The spec resource expects the following metadata about the data source:

  • Format
    Supplies the format of the datafile that needs to be mapped. possible values (for now) are :CSV or :TSV, depending on whether your mapping a file using commas or tabs to separate the values.

    <#> :format :CSV .

  • Header rows
    Supplies a binary value that indicates if the file contains a header row (1) or not (0).

    <#> :header_rows 0 .

  • Expected header
    When :header_rows is set to 1, you can supply the header row you expect in the document.

    <#> :expected_header ( ""id","code","local_code","name","continent" ).

  • Resource
    With resource, you declare the resources that the mapping process will output. The resources that are Each mapping for each resource that is defined here,

    <#> :resource <#customer>, <#email>, <#phone>, <#affiliation>, <#sales_person> .

  • Base URI
    The base URI define the namespace where the created resources will be based under.

    <#> :base_uri "http://my.data.source/test" ;

Turtle allows a shorter notation when several triples share the same subject. Declaring all above triples can be written like such:

<#> a :Spec;
  :format :CSV;
  :header_rows 1;
  :expected_header ( "\"id\",\"code\",\"local_code\",\"name\",\"continent\",\"iso_country\",\"wikipedia_link\",\"keywords\"" );
  :resource <#continent>, <#country>, <#region>, <#ourairports_region_page>, <#wikipedia_page>, <#dbpedia_resource>;
  :base_uri "http://data.kasabi.com/dataset/world_geography/".

Declaring mappings

Declaring and identifying resources

RDF uses unique URIs to identify resources. This means that these URIs need to be created from the dataset. This is done by declaring the resources and adding :identify property.

Declaring a resource works the same way as creating the :Spec object. This time, we choose a variable name, for example Continent, and say it is a :Resource.
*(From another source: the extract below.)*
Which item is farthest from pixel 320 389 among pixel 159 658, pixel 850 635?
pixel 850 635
<#continent> a :Resource .

Next, we specify how the identifying URI should be created. The value of :identify is a blank node, which is a resource that does not really exists (and has no URI), and is added in Turtle between []. Between these brackets, you can add predicates and objects as you would with any other resource. We use two predicates with our blank node:

  • Source column
    With source column, we define from which column, the values will be used to create the unique URI. This is typically a column with IDs (or primary keys), where the values are surely unique. For this, the predicate :source_column is used, the value is an integer, representing the column index (starting from 1).

  • Base URI
    Sometimes we want to use collections in our URIs. You can specify a different base URI using :base_uri, the value is a string.
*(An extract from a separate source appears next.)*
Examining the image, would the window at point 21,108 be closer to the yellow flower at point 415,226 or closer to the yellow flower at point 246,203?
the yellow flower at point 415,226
This example will, for example, create the uri http://data.kasabi.com/dataset /world-geography/continents/Europe if a value in the fifth column would be "Europe".

<#continent> a :Resource;
  :identity [
    :source_column 5;
    :base_uri "http://data.kasabi.com/dataset/world-geography/continents/"
  ] .

In some case, columns will need to be combined in order to obtain a unique value (e.g., firstname and lastname). With the predicate :source_columns you can refer to the indexes of the columns you want to combine. The value are two or more integers between brackets, separated by a space. By adding :source_columns_glue, you can define a string that will be used to glue the pieces together (e.g., underscore). A slash / is used to create a deeper hierarchy in the URI.

<#ourairports_region_page> a :Resource;
  :type bibo:Webpage;
  :identity [
       :source_columns ( 6 3 ) ;
	:source_column_glue "/" ;
	:base_uri "http://www.ourairports.com/countries/"
  ].

Using URI templates

Besides simple concatenation, the URI might be constructed in more complex manner. For that reason, are URI templates supported. URI templates provide a flexible way to specify a URI using variables, and asign values afterwards. The spec can be found here.
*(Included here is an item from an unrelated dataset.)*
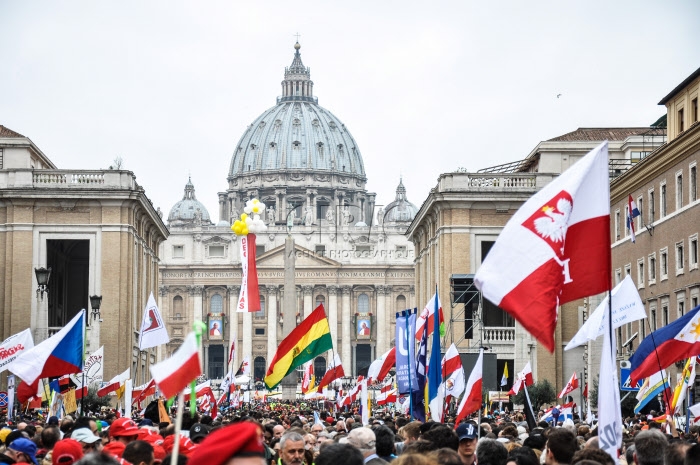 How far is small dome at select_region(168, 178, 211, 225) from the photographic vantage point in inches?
7347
A URI template is added to value of :identify, by using the following predicates:

  • Template
    You can specify a template using :template, the value is a string.

  • Template variables
    The variables that need to fill the variables used in the template, are added using :template_vars. The value is a list of blank nodes, each specifying a variable name and a source column:

    • Variable name
      This value represents the name of the variable used in the template. For this, the predicate :variable is used.

    • Source column
      With source column, we define from which column, the values will be used to create the unique URI. This is typically a column with IDs (or primary keys), where the values are surely unique. For this, the predicate :source_column is used, the value is an integer, representing the column index (starting from 1).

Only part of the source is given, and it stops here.